I will admit to being quite naive here and not knowing what exactly this this is doing. It's difficult to tell how the pedestal is being extracted from the waveforms, and which pixels it is pulling them from. Will it be contaminated by the signal portion of the waveforms/images?

In each event iteration, I see that event.mon.tel[2].pedestal.charge_std.shape maintains the shape (1, 11328). I suppose this must mean that the charge_std is an iteratively calculated variable that calculates the standard deviation of each pixel's charge distribution as events are iterated over.. Is the per pixel charge distribution retained at all in this process?

maxnoe commented 3 weeks ago

dataset://proton_40deg_0deg_run2083___cta-prod3-sct_desert-2150m-Paranal-SCT.simtel.gz

This dataset does not seem to exist on the ctapipe test server. Are you using your own resources repository?

I will admit to being quite naive here and not knowing what exactly this this is doing.

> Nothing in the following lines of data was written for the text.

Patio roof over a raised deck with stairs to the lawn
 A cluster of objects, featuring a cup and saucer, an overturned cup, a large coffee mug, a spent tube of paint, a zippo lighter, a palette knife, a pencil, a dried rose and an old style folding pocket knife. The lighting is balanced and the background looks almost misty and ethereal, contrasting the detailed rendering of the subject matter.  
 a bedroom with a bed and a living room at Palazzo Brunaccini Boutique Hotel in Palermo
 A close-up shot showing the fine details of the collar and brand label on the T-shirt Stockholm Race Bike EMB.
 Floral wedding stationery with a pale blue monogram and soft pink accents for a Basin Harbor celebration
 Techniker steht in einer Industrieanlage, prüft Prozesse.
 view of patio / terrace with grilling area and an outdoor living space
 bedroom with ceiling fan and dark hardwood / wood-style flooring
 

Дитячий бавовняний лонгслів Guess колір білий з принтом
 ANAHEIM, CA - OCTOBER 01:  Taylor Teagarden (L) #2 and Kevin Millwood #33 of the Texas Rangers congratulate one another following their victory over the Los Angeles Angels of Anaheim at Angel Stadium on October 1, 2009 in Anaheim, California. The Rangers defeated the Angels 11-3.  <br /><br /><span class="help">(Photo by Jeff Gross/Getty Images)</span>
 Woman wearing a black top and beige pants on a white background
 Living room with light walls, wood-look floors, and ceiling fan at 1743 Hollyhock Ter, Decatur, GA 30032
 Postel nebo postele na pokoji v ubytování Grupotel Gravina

It's difficult to tell how the pedestal is being extracted from the waveforms, and which pixels it is pulling them from.

The PedestalIntegrator will extract an image for each event using its own ImageExtractor and collect these images.

Then, every sample_size events (or time based) it will compute statistics on the collected events for each pixel.

Without knowing what kind of file you use, I'd expect it to only contain physics events, which will mean that you compute the charge std including the pixels that contain actual Cherenkov light.